Die Arbeitsmarktwirkungen eines positiven Außenbeitrags sind günstig: Da mehr Güter im Inland hergestellt werden als bei Vorliegen eines ausgeglichenen Außenbeitrags, ist auch ein größerer Einsatz von Arbeitskräften wahrscheinlich.
Implikationen eines negativen Leistungsbilanzsaldos
Die gleichen Gedankengänge lassen sich auf ein Land mit negativem Leistungsbilanzsaldo anwenden: Ein Land mit einem negativen Außenbeitrag importiert mehr, als es exportiert, was gleichbedeutend ist mit einem Vermögensrückgang (also einem Sinken des Nettoauslandsvermögens). Als problematisch angesehen wird ein negativer Außenbeitrag v. a. dann, wenn gleichzeitig (wie in den USA) ein Haushaltsdefizit vorliegt; man spricht in einem solchen Fall von einem Doppeldefizit oder aus dem englischen wörtlich übersetzt Zwillingsdefizit (twin deficit). Die Vermögensveränderung setzt sich dabei wieder aus dem Leistungsbilanzsaldo, von dem der Außenbeitrag ein Teilsaldo ist, und dem Saldo der Vermögensübertragungen zusammen.

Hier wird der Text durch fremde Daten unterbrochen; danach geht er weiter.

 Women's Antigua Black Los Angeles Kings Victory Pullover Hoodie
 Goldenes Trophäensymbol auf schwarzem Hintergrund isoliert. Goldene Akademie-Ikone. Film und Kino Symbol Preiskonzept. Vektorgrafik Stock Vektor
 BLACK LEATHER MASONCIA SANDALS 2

Umgekehrt kann ein negativer Außenbeitrag aber auch positiv als Zufluss ausländischen Kapitals gedeutet werden, welches u. U. zu rentablen Investitionen eingesetzt wird.
Ein Leistungsbilanzdefizit bzw. ein Verbrauchsüberhang besteht ebenfalls, wenn im Inland der Gesamtverbrauch (Absorption) größer als die eigene Wertschöpfung (Bruttoinlandsprodukt) ist. Dies kann beispielsweise durch öffentliche Transfers oder Kapitalimporte der Fall sein.
Ein extremes Beispiel mit einem sehr hohen Leistungsbilanzdefizit sind die neuen Bundesländer:
2002 betrug der Gesamtverbrauch 366 Milliarden Euro, das Bruttoinlandsprodukt jedoch nur 253 Milliarden Euro. Es liegt somit ein Leistungsbilanzdefizit bzw. ein Vebrauchsüberhang von 45% vor. So ein hohes Leistungsbilanzdefizit ist in der Wirtschaftsgeschichte vorher noch nie vorkommen.